Kota Semarang, kota yang tak pernah benar-benar tidur, selalu menyisakan denyut kehidupan di setiap jengkalnya. Bahkan di tengah malam yang sunyi, kau bisa menemukan sepasang mata yang saling menatap di sudut stasiun Tawang, atau tawa yang mengambang di antara kepulan asap angkringan di pinggir jalan. Ini bukan hanya tentang kota dengan gedung-gedung tua dan lampu jalan yang temaram, tapi tentang tempat di mana waktu seperti berjalan lebih lambat agar setiap perjumpaan sempat dikenang. Semarang menyimpan cerita tanpa harus berkata-kata, dan setiap jalanannya adalah narasi yang belum selesai.

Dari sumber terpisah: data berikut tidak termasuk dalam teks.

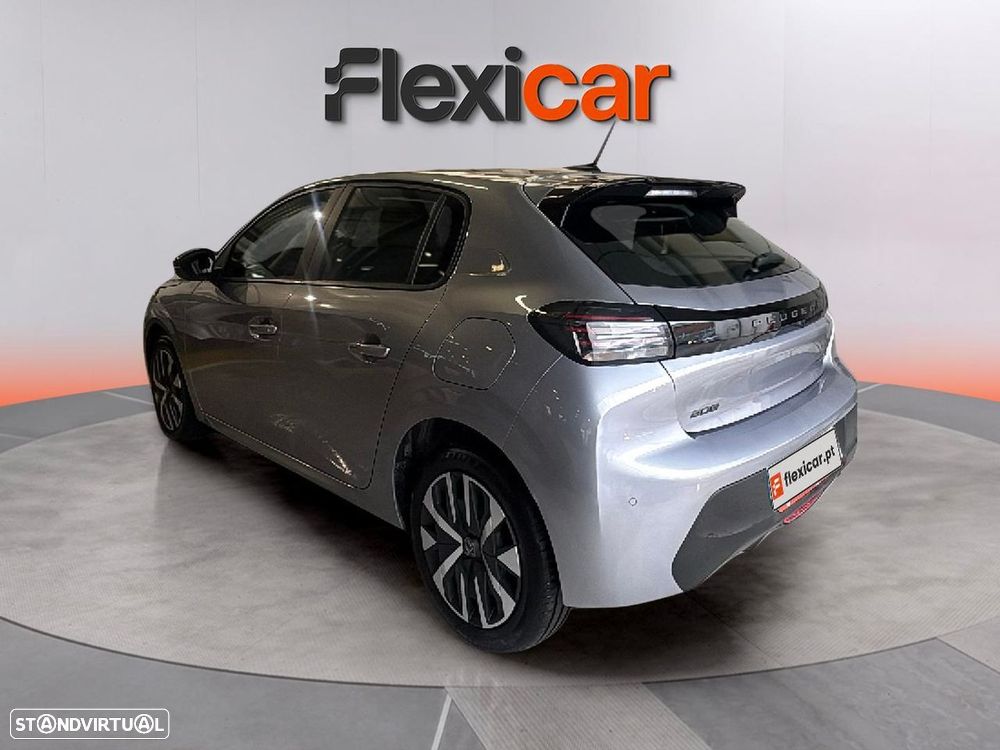 Peugeot 208 1.2 Hybrid Style e-DCS6 - 5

Ada sesuatu yang ajaib tentang bagaimana kota ini memeluk setiap yang datang, entah untuk tinggal sebentar atau selamanya. Di antara hujan sore yang turun pelan-pelan di Simpang Lima dan aroma wedang ronde yang menghangatkan malam, Semarang diam-diam mencatat pertemuan-pertemuan yang mungkin tampak sepele, namun begitu membekas. Seperti kau dan aku yang pernah duduk di bangku taman, menyebut nama-nama bintang yang tak kita kenal, lalu diam-diam berharap waktu tak bergeser. Tapi waktu berjalan, dan kota ini pun berubah, tak lagi seperti dulu—meskipun jejak-jejak kita masih tertinggal samar.
Semarang adalah tempat di mana banyak hal bermula, dan sayangnya, banyak pula yang berakhir. Ia menjadi saksi bisu dari banyaknya perpisahan yang tak sempat diucapkan dengan kata, hanya dengan pandang mata yang perlahan menjauh. Kita pernah menyebutnya rumah, tapi pada akhirnya hanya menjadi persinggahan. Namun bukankah kota yang baik memang begitu? Membiarkan kita tinggal sejenak, meresapi semuanya, lalu pergi dengan setengah hati tertinggal?
Di kota ini, banyak definisi telah kita ciptakan—tentang rindu, tentang pulang, tentang yang tak pernah selesai. Kau meletakkan makna cinta di gang kecil dekat kampus, dan aku menyembunyikan kehilangan di tangga masjid tua yang ramai tiap magrib. Semarang bukan lagi sekadar nama kota, ia berubah menjadi halaman buku yang tak kunjung rampung. Setiap sudutnya menyimpan rahasia yang tak sempat kita bagi, dan setiap kenangan di dalamnya telah menjadi milik kota itu sendiri.
Namun pada akhirnya, seperti hal-hal indah yang tak bisa selamanya kita genggam, kenangan tentang Semarang pun perlahan pudar. Tak bisa dihindari, meski kita mencoba untuk tetap mengingat. Kota ini tetap hidup, terus bergerak, sementara kita—dulu bagian dari denyutnya—telah menjadi pengunjung yang sesekali mampir dalam ingatan. Tapi begitulah Semarang, kota yang tak pernah benar-benar sama, namun tulisan ini tidak selalu tentang Semarang.